The search for reflective equilibrium does, and must, play a central role in constitutional law. In fact it is the only game in town. 

In deciding how to interpret the Constitution, we cannot pull a theory out of the sky, or insist that it must be right, and declare victory. It is hopeless to try to justify a theory of interpretation by pointing to some large-sounding word, such as “legitimacy” or “democracy” or even “interpretation.” Instead people must work to align their provisional judgments, described at multiple levels of generality. People might think that any theory of interpretation should not allow unelected judges to do whatever they want; that is a provisional fixed point (and a pretty good one). People might think that any theory of constitutional interpretation had better give a lot of protection to freedom of speech; for them, that is a provisional fixed point (another good one). They might think that any theory of constitutional interpretation had better forbid torture; that is also a provisional fixed point (good once more). They might think that any theory of constitutional interpretation had better promote the rule of law, understood to include stable rules that are understandable and clear, and that apply to all, not just some; that is also a provisional fixed point (very good). 

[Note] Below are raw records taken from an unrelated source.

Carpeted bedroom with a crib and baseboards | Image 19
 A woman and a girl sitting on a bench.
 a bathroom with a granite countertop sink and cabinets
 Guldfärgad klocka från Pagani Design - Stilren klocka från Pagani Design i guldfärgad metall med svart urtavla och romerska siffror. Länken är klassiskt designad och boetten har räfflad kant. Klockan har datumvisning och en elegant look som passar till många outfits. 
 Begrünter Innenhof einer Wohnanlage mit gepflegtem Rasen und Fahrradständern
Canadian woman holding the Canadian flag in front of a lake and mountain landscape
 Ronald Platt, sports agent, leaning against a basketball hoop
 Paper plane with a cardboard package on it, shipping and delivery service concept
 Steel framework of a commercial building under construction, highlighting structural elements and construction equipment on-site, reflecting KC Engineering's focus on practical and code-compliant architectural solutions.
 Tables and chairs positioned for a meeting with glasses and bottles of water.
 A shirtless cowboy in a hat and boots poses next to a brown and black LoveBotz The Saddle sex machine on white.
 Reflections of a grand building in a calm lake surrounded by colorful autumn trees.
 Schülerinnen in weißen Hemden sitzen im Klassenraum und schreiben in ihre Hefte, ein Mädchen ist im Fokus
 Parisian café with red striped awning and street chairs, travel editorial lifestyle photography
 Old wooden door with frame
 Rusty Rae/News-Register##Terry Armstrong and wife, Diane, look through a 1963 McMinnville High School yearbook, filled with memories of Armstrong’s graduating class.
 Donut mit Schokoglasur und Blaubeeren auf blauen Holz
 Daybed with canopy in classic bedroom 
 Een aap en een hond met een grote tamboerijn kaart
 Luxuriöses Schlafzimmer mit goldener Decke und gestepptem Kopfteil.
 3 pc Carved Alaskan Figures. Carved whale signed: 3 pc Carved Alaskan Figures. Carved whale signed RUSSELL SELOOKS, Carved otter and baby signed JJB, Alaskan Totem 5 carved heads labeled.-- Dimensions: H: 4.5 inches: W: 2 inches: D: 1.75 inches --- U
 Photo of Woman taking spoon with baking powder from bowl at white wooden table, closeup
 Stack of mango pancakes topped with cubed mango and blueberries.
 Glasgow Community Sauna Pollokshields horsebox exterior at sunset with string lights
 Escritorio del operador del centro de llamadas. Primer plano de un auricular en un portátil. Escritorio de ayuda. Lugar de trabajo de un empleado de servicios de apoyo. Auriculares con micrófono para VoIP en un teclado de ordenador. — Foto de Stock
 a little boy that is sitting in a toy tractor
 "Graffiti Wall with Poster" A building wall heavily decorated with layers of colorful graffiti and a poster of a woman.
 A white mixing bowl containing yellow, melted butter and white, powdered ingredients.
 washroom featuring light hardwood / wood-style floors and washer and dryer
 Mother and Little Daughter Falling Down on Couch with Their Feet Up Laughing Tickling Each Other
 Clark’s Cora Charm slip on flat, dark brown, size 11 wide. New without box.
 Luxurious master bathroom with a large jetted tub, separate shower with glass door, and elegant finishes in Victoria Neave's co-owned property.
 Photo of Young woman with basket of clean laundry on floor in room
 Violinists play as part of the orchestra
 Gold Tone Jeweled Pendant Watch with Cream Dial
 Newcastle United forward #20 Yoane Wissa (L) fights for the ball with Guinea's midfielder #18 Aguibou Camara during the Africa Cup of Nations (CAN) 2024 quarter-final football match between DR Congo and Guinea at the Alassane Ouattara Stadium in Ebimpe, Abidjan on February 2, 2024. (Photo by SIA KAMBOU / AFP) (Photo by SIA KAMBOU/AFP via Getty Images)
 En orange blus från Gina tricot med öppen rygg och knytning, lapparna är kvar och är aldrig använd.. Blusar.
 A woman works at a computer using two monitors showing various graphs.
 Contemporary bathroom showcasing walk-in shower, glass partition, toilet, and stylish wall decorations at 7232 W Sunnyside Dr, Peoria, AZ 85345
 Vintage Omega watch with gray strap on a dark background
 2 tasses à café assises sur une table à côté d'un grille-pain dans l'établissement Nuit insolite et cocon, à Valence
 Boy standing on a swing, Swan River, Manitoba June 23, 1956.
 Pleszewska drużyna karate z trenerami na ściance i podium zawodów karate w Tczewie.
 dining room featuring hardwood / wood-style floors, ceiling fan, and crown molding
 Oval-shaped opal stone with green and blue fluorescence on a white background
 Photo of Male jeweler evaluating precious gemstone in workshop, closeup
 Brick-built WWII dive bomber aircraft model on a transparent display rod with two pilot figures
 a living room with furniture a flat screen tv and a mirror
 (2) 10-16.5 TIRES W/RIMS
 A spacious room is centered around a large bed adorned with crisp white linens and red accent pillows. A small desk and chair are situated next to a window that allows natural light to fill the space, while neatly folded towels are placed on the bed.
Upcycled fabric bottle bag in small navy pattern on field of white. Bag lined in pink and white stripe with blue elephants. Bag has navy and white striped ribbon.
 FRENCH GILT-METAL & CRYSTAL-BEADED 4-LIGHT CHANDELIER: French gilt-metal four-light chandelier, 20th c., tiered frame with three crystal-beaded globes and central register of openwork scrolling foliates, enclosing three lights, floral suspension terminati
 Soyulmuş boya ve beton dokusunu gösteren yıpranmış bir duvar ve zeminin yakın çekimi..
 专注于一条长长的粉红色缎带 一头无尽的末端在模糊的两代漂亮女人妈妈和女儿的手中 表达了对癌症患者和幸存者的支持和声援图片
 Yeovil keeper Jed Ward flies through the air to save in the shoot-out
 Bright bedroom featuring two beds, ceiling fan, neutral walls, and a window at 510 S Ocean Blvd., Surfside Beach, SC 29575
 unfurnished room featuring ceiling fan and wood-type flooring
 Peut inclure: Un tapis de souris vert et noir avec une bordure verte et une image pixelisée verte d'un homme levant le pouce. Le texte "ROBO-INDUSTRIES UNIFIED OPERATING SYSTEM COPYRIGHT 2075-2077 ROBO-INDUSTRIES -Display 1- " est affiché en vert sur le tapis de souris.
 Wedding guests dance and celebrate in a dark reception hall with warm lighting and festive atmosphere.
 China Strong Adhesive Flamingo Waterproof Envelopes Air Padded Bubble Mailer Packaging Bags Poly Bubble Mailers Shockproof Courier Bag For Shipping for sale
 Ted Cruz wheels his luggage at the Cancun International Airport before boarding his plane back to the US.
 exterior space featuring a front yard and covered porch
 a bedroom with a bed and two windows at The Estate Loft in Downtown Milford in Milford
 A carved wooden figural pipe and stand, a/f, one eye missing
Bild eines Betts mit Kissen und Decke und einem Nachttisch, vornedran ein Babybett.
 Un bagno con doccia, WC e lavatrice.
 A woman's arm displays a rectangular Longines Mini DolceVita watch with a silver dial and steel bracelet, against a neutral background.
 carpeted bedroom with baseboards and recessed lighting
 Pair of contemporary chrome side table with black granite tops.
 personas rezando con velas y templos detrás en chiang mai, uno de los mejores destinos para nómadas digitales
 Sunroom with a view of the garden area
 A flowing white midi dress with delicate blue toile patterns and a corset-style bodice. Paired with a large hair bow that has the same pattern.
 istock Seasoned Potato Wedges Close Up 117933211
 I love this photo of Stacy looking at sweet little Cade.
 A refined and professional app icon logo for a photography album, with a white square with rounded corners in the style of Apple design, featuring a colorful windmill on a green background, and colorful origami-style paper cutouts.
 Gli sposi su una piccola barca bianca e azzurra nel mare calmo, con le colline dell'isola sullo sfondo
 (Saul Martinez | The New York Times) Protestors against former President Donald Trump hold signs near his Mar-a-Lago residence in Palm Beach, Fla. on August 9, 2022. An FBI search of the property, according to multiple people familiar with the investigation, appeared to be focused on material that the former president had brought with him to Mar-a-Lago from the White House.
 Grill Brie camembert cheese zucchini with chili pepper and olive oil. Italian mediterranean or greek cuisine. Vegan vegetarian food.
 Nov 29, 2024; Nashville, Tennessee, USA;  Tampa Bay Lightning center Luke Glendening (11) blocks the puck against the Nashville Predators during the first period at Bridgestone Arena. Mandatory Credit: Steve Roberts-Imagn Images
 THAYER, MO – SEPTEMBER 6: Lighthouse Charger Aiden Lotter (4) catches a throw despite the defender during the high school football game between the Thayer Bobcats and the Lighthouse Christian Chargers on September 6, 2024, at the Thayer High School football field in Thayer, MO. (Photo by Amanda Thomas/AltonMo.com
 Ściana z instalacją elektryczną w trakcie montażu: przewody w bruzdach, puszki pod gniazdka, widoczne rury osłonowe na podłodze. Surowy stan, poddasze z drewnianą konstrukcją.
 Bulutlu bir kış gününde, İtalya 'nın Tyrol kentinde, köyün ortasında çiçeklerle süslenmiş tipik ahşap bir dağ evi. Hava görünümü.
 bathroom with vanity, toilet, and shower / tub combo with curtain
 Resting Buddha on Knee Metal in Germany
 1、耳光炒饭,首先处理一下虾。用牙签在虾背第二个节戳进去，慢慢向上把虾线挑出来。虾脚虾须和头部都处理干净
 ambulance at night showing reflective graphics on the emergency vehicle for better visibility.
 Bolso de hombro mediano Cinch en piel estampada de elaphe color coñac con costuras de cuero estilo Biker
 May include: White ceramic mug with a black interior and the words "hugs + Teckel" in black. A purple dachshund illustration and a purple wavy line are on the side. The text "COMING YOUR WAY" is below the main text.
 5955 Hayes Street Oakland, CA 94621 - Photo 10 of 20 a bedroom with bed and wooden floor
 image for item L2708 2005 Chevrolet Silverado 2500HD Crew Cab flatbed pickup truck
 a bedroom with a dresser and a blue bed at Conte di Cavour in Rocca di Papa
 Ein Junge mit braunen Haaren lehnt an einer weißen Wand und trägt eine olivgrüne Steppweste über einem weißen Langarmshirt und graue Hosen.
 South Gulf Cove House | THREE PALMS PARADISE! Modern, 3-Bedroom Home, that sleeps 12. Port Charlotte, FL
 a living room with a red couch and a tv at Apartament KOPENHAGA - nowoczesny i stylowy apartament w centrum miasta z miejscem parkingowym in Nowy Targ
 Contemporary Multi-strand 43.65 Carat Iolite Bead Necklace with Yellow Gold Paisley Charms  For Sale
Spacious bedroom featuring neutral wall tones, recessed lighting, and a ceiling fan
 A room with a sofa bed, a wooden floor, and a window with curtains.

It follows that people must explore how their firm judgments about particular cases (racial segregation, compulsory sterilization, sex discrimination, gun control) fare under potential theories of interpretation. If a theory would override those judgments, that theory should be questioned. We need to go back and forth between possible theories and the outcomes that they produce. Theories might have a great deal of appeal in the abstract, but if they license the Supreme Court to strike down the Social Security Act, they might not be so appealing. 

It is important to reiterate that our fixed points operate at multiple levels of generality. They are not only about specific cases. We might have a commitment to federalism (however we understand it), which is abstract. We might have a commitment to self-government, which is also abstract, and a commitment to freedom of religion, which is a bit less abstract, and a commitment to the idea that the government can impose taxes on everyone, which is less abstract. We might have a commitment to the idea that the Constitution does not allow governments to mandate school prayer, which is pretty particular. 

Of course it is also true that our fixed points might turn out, on reflection, not to be so fixed. Some of our fixed points might be moral fixed points, not constitutional fixed points, and the two are not the same. You might think, for example, that in a just society, no one will starve, without also thinking that there is a constitutional right not to starve. And whether we are speaking of morality or constitutional law, what is fixed today might not be fixed in a month, a year, or a decade. Constitutional law itself reflects that point. It fixes and unfixes things. In 1930, it would have been pretty radical, and maybe even preposterous, to say that the Constitution forbids racially segregated schools. As of this writing, it would be radical, and quite preposterous, to say that the Constitution does not forbid racially segregated schools. In 1980, it would have been pretty radical, and maybe even preposterous, to say that the Constitution requires states to recognize same-sex marriage. Just four decades later, it would have been a bit radical, if not preposterous, to say that the Constitution does not require states to recognize same-sex marriage. In 1990, it would have been pretty radical, if not preposterous, to say that the Constitution creates an individual right to possess guns. As of this writing, that right is entrenched in constitutional understandings. 

All this is true and important. Still: To know what theory to adopt, judges and others must see if they can be satisfied that a proposed theory fits well, or well enough, with their most deeply held views about particular cases -- and also that the theory also fits well, or well enough, with broad values involving the rule of law, self-government, liberty, and equality. One more time: High-sounding abstractions about (say) interpretation, the social contract, or the founding generation cannot justify a theory of interpretation; the search for reflective equilibrium is the only game in town.